This quirky company brought Ed Wood's movies to the Great White North. |
The home video gold rush of the 1980s and '90s was a boon to director Ed Wood, even though he was already dead by then. By pure serendipity, the book The Golden Turkey Awards (1980) made Eddie and his films famous at the same time people were starting to buy VCRs for their homes. Naturally, those folks needed plenty of prerecorded videotapes to play on those expensive new machines of theirs, and numerous distribution companies popped up to supply those tapes. Ed Wood's movies certainly were not left out in the cold. His best known works, including Glen or Glenda (1953), Bride of the Monster (1955), and Plan 9 from Outer Space (1957), were released on tape numerous times by numerous labels.
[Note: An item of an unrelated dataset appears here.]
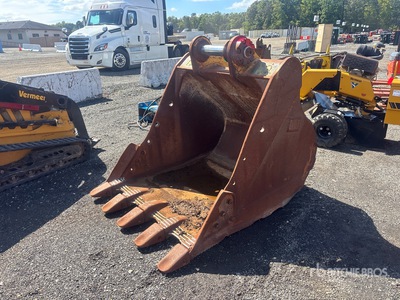 Cat 54 in Digging Excavator Bucket - Fits Cat 345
In the 1980s, a Canadian company called Admit One Video Presentations produced its own line of Ed Wood tapes, perhaps hoping to capitalize on the Golden Turkey publicity. Very little evidence of Admit One survives today, apart from some Ebay listings for their products, but they released editions of numerous sci-fi and horror films: Robot Monster (1953), Reefer Madness (1936), Spider Baby (1967), The Horror of Party Beach (1964), Chained for Life (1952), Satan's Satellites (1958), She Demons (1958), Bela Lugosi Meets a Brooklyn Gorilla (1952), Monster from Green Hell (1957), The Robot vs. The Aztec Mummy (1958), White Zombie (1952), Lost Planet Airmen (1951), and Bowery at Midnight (1942), which came paired with Dick Tracy vs. Cueball (1946).
What concerns us, however, are Admit One's releases of Ed Wood's movies. It was reader Brendon Sibley who brought the company to my attention. As far as I can tell, Admit One put out its own editions of Plan 9 from Outer Space, Bride of the Monster, and Glen or Glenda plus Jail Bait (1954), Night of the Ghouls aka Revenge of the Dead (1959), and The Sinister Urge (1960). In case you're counting, that's all six of the feature films Ed directed during his classic period. You must admit that's a very decent Ed Wood catalog, especially considering the Tim Burton biopic was a decade away and Nightmare of Ecstasy (1992) hadn't even been published.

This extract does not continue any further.